Я попыталась вырвать свой блокнот, но дон Диаманто поднял руку. И тут страницы перелистнулись, и его взгляд упал на мчащихся на лошадях разбойников. Капитан прищурился.
— Женские грёзы и фантазии, — бросила я, вскочила на ноги, выхватила драгоценную тетрадку, но пошатнулась…
Капитан успел схватить меня раньше, чем я вывалилась на дорогу. Машина вильнула, дверца с моей стороны хлопнула, а я упала прямо на наглеца.
— С ума сошла? — зашипел он, заглушая мотор. — Жить надоело? Если что, мне — нет.
Я отпрянула на своё сиденье, гордо отвернувшись. А сердце стучало как бешенное. От него пахло вот этим его горьковатым ароматом, а ещё какой-то… ленивой силой и немного сигарой. И его рука, случайно коснувшаяся моей груди под тонкой тканью… «Ну вот, — мелькнула шальная мысль, — теперь есть мужчина, который знает, что я не люблю корсеты…».
— Мы с вами не переходили на «ты», — прошипела я.
— Извините, — холодно буркнул дон Диаманто, вышел, хлопнув дверцей. Снова прокрутил мотор, вернулся и повторил ритуал с перчатками.

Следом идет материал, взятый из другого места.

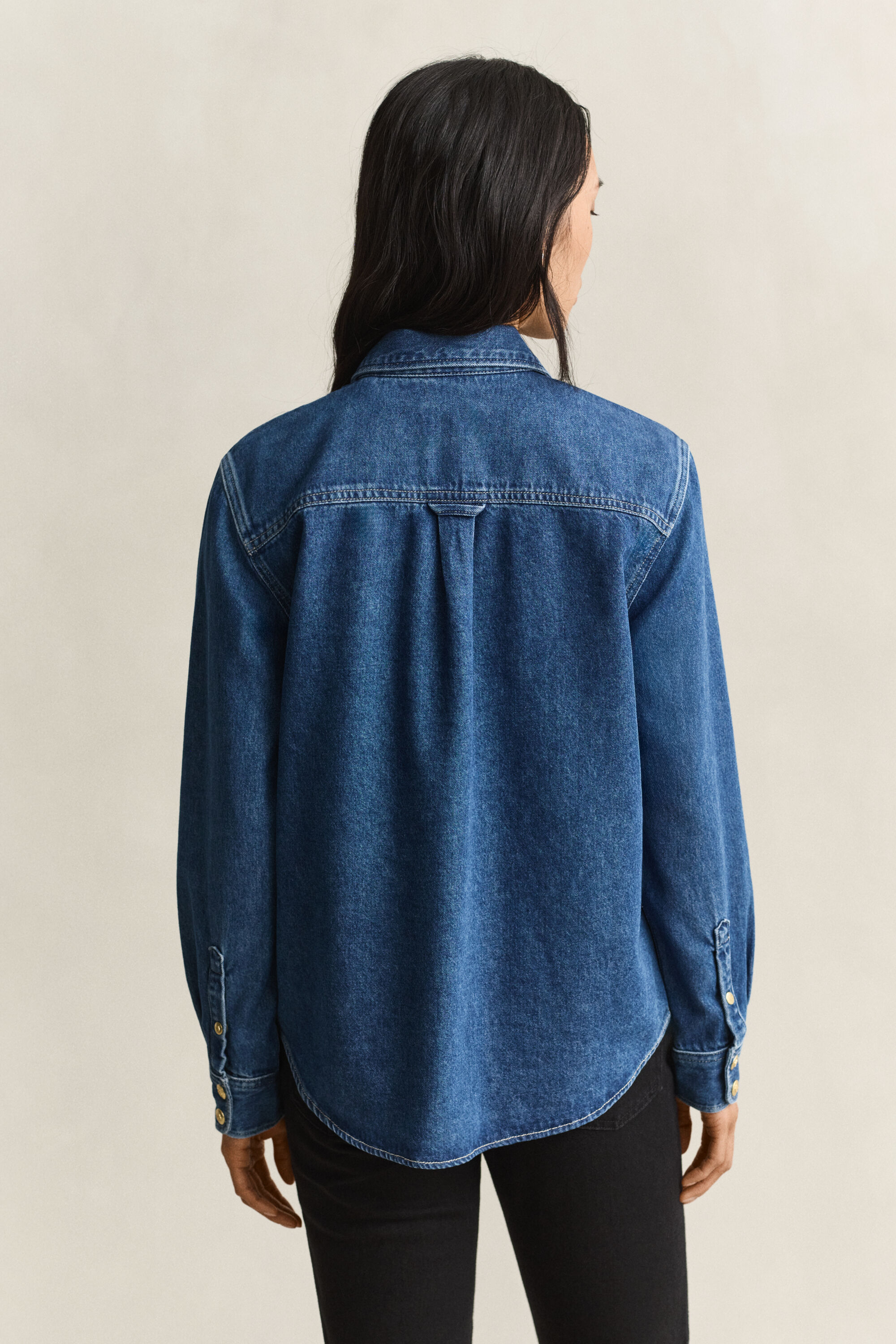 Camicia di jeans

Я сидела и отчаянно моргала глазами, пытаясь остановить слёзы. Ну за что мне это? Когда я хлюпнула пару раз носом, он вздохнул и протянул мне чистейший платок.
— Простите меня, — сказал примиряюще. — Профессиональная привычка не выпускать из рук улики.
Я высморкалась.
— Я всё ещё подозреваемая?
— Обрадую вас: скорее жертва, — хмыкнул Лианор. — Кто учил вас рисовать?
— Писать.
Капитан снова хмыкнул. Покосился на меня. На нас мчались горные сосны, скальные дубы и ясени. Я отвернулась и уставилась на море. Нет, конечно, карандашом не пишут, а именно рисуют, но так хотелось подчеркнуть ему, что он всего лишь тупой полицейский и ничего более.